Adam Frank: What we’ve seen is the evolution from IT Ops into DevOps and SRE, likewise with the people who have evolved from monitoring to observability. Observability on its own has generated an explosion of data, which you need to observe in microservice architectures and different aspects of those applications. But you still need to monitor that data and AIOps isn’t a single “thing.” It’s about automating all these processes and data from beginning to end. So the ultimate destination isn’t necessarily observability but rather AIOps. You want to observe what your applications are doing, and should be doing, but you want AIOps to consume all that data. You’ll continue to see them walking hand in hand with a really nice relationship.
In an enterprise, legacy apps still exist, along with modern apps in the cloud. How does observability work across these discrete infrastructures and application technologies?
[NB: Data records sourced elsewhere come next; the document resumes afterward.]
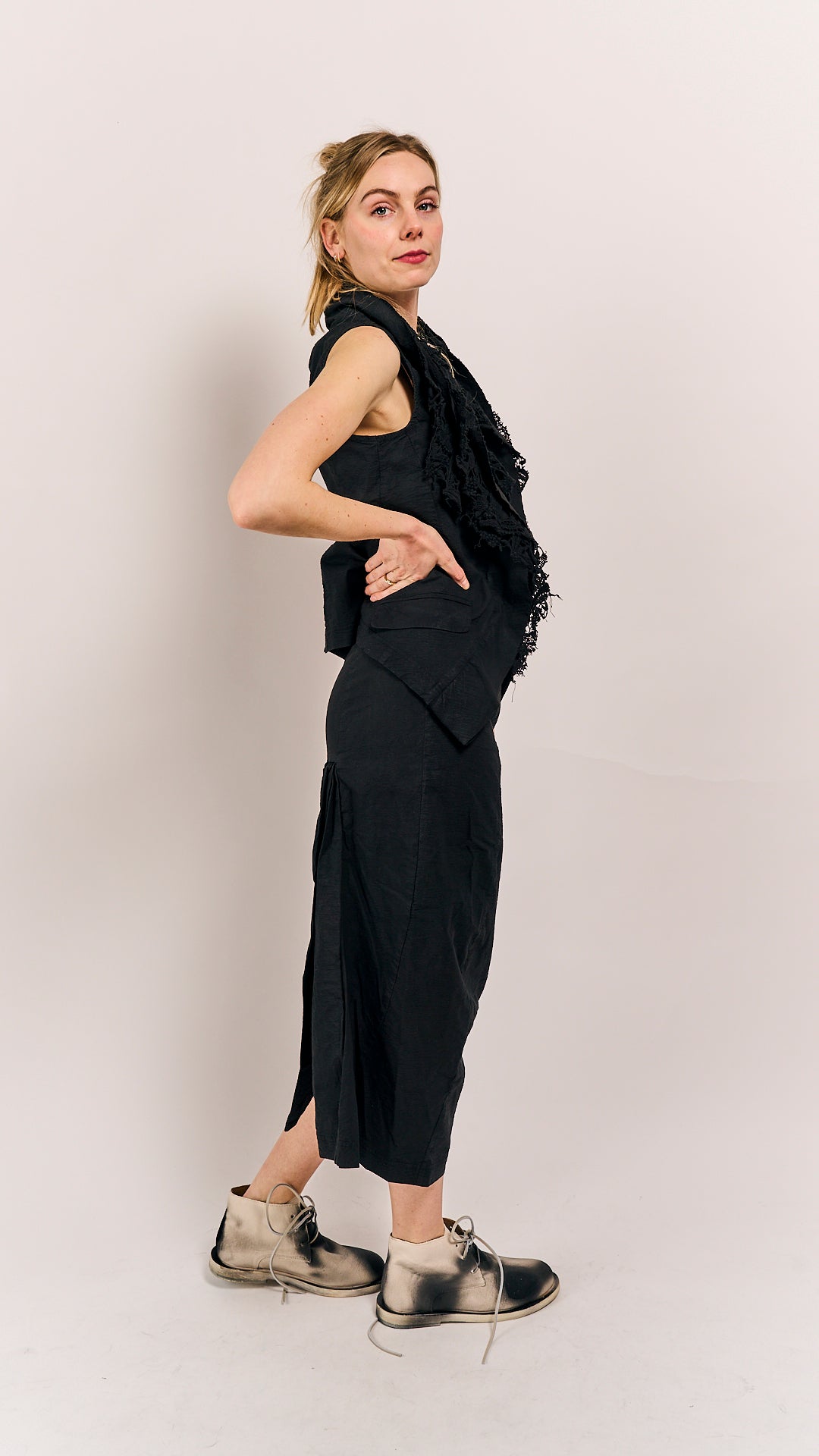 Rundholz DIP Skirt Black Gloss
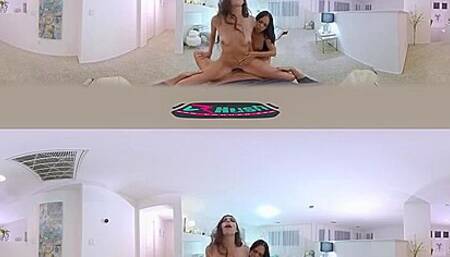 Your Two Stepsisters With Arielle Faye, Ryan Driller And Emily Mena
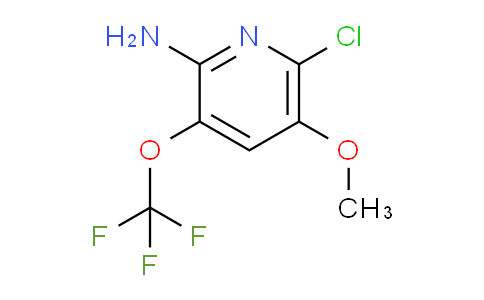 AM195472 | 1803674-76-1 | 2-Amino-6-chloro-5-methoxy-3-(trifluoromethoxy)pyridine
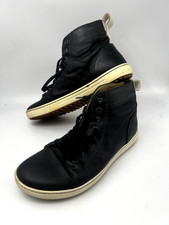 Birkenstock Bartlett Black Leather Ankle Boots Women's Size 5 EUR 38e Lace up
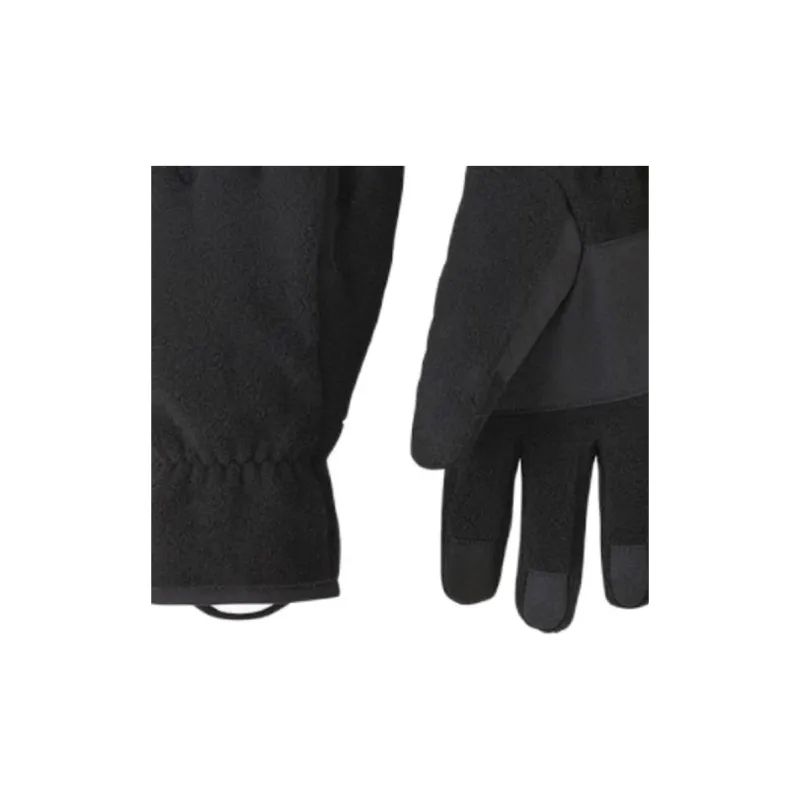 Patagonia Recycled Polyester Gloves Unisex Black-2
Adam Frank: Observability is about producing the data you need to understand what’s going on with that legacy or modern application in the cloud. As long as you’re producing that data, then you can collect it and start to visualize it. That’s what observability is. Throw some monitoring on top of that and you start to generate events and alerts when things deviate from the normal expected behavior. Throw AIOps on top of that to start to automate and correlate everything together, and that’s when you start to really see and drive the value we’re talking about. As long as you’ve got a method to look at that legacy application and understand its behavior, and you collect that data and visualize it, then you’re observing it.
Is Moogsoft supporting flow monitoring and APM?
Adam Frank: We certainly integrate with lots of APM tools, and their flow monitoring aspects, which are driving out a lot of valuable alerts, and that’s where we come in providing complementary value by correlating it all together — correlating the infrastructure data that maybe caused the impact, with the application data. If there’s any metrics data that’s a key indicator of your application performance, we’ll ingest that too.
Analysts say that in 2023 many organizations will use AIOps in large companies. Do you receive lots of solicitations from those organizations to set up AIOps today? Is the demand really increasing?
John Haley: Yes, we’re seeing increased demand. I agree that in 2023 many large organizations will be seeking out AIOps. Moogsoft is also looking at taking many of these AIOps capabilities and making them available not just to large companies but also to development teams that are more agile, looking at their DevOps toolchain. We’re also making AIOps available to small-and-medium size enterprises that don’t have large, complex infrastructures but still need to automate and drive efficiencies within their workflow. Moogsoft wants to bring AIOps everywhere in the marketplace.
Adam Frank: Yes, whether you’re big or small, there are certain use cases you’ll have that require some level of automation. AIOps is everywhere within the technologies we use, and there are use cases we fulfill throughout everything.